Report #7143
[bug\_fix] ERROR: out of shared memory \(SQLSTATE 53200\) when accessing partitioned tables
Increase the \`max\_locks\_per\_transaction\` parameter in postgresql.conf \(default 64\) to a value higher than the maximum number of partitions \(plus tables and indexes\) touched by any single query, or redesign queries to touch fewer partitions. Requires PostgreSQL restart. The root cause is that PostgreSQL pre-allocates lock storage based on \`max\_locks\_per\_transaction \* max\_connections\`; each partition requires a separate lock, and exceeding this pool triggers this error even if system RAM is available.
Journey Context:
A data analytics team creates a time-series table with 10,000 daily partitions in PostgreSQL 14. A BI tool runs an analytics query spanning 3 years \(1000\+ partitions\) with a \`JOIN\` to a large customer table.

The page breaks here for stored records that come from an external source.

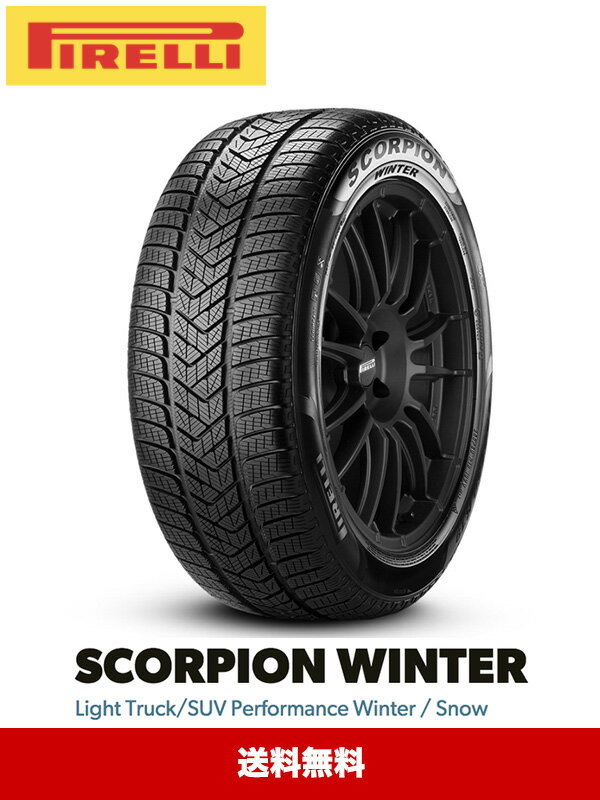 PIRELLI SCORPION WINTER (ピレリ スコーピオン ウインター) 235/65R19 1本価格 (製造年2021年) (法人 ショップは2本以上の場合 送料無料)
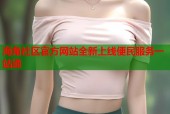 海角社区官方网站全新上线便民服务一站通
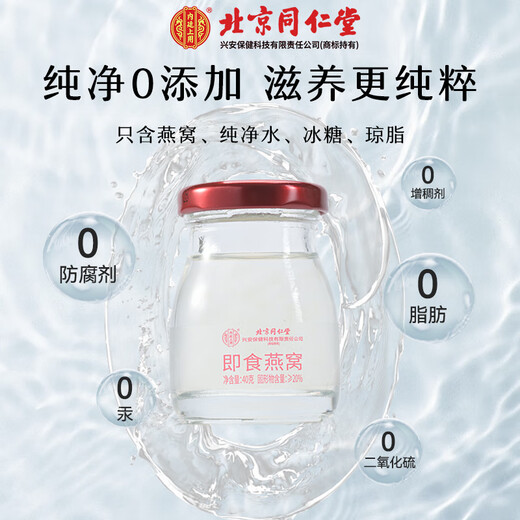 
Beijing Tongrentang Instant Bird's Nest Rock Candy Gift Box 40g*7 Bottles for Pregnant Women's Nutritional Gifts Father's Day Gifts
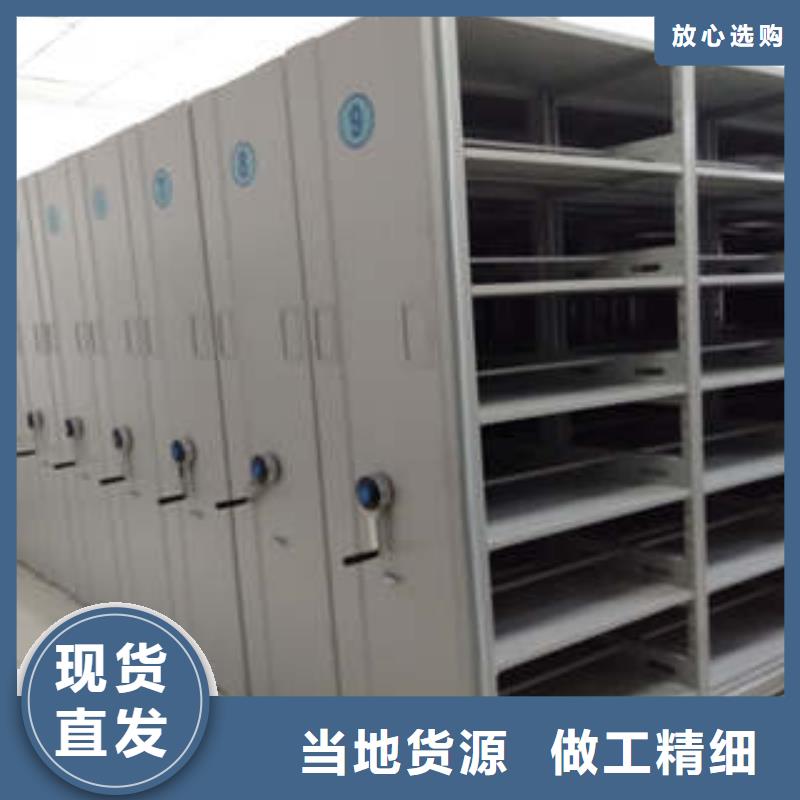 密集档案柜,手摇档案密集架产地直销
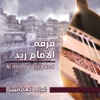 فرقة الإمام زيد - في فمي عيسى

The query fails immediately with \`ERROR: out of shared memory\`. The DBA checks \`dmesg\` and system RAM; the server has 128GB free. They investigate PostgreSQL logs and see the error comes from \`lock.c\`, indicating the lock table is full, not system shared\_buffers. Checking \`postgresql.conf\`, \`max\_locks\_per\_transaction\` is the default 64. The query needs 1000\+ locks just for partitions, plus locks for the joined tables and indexes, far exceeding 64. They calculate that \`max\_locks\_per\_transaction \* max\_connections\` must exceed the worst-case lock count. They increase \`max\_locks\_per\_transaction\` to 256 and restart PostgreSQL. The query runs successfully. They also implement a policy requiring queries to use partition pruning to limit touched partitions.
⚠ Workarounds are unverified - always check before running. Confirmations show what worked for others, not a safety guarantee.